» **Aim of the exercise**: Restate the listing below word for word. No picture belongs in the result.

Start of Collected material

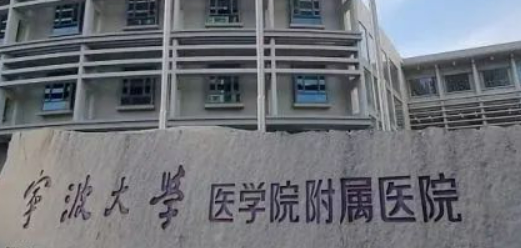 宁波大学医学院附属医院整形美容科好吗？手术价格+医生技术、口碑大公开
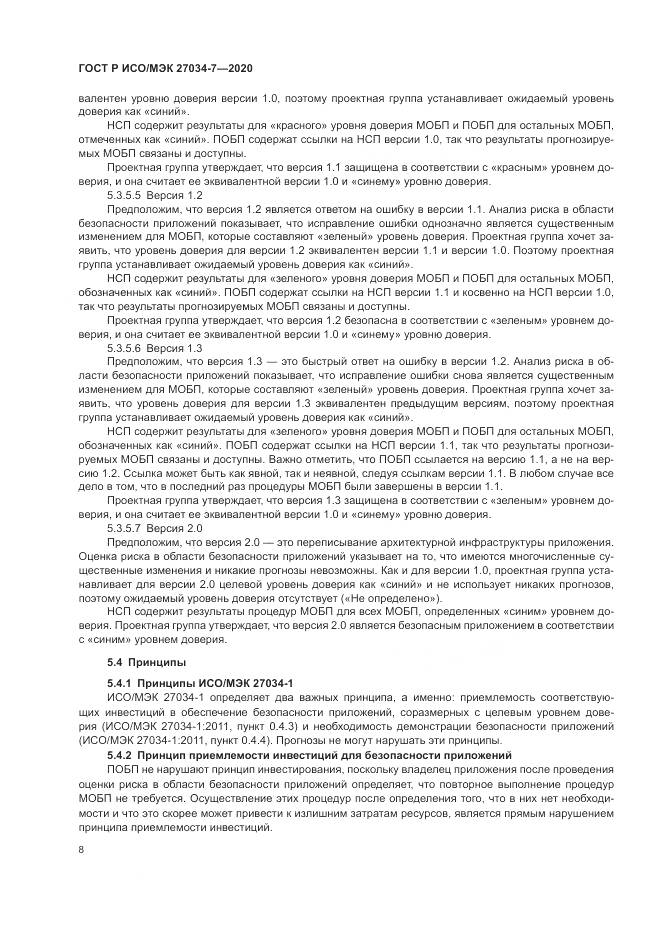 ГОСТ Р ИСО/МЭК  27034-7-2020, страница 16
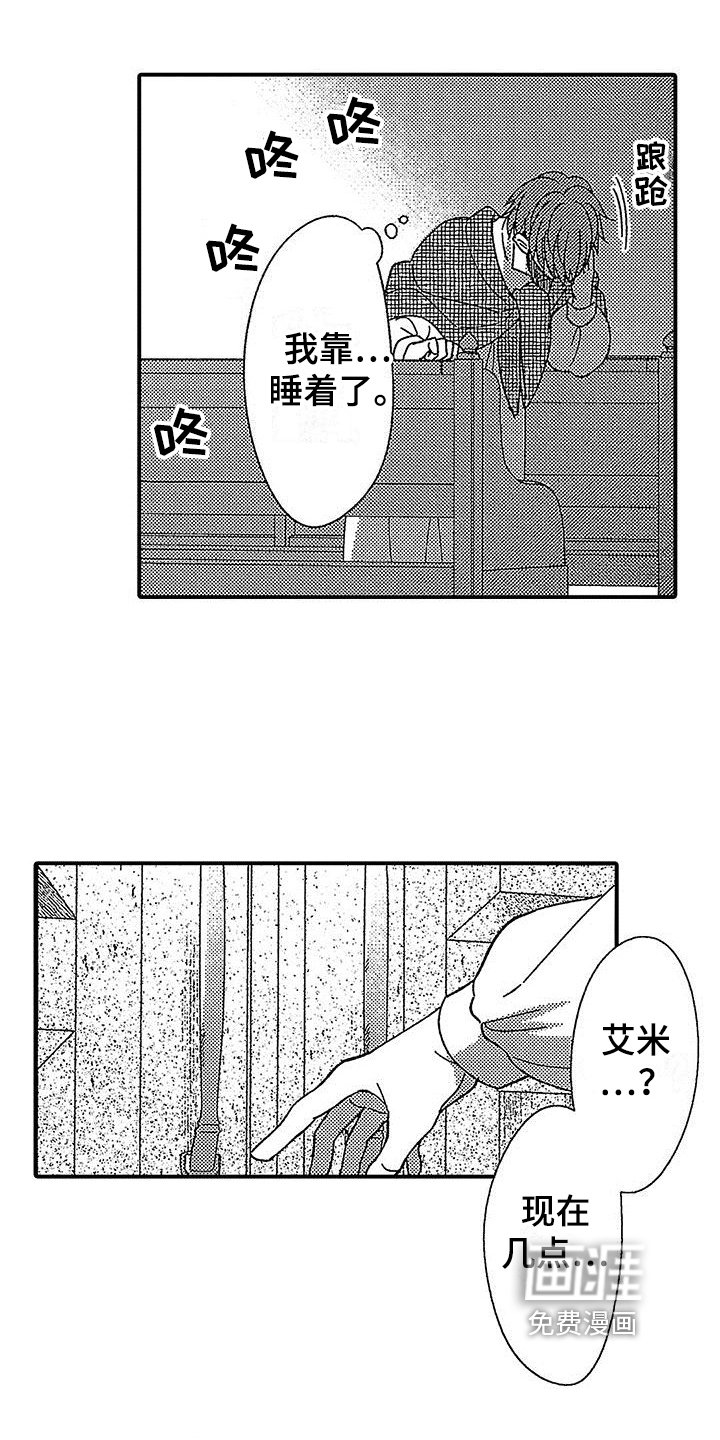 第18章：危险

End of Collected material

» **Solution to this exercise**:
 宁波大学医学院附属医院整形美容科好吗？手术价格+医生技术、口碑大公开
 ГОСТ Р ИСО/МЭК  27034-7-2020, страница 16
 第18章：危险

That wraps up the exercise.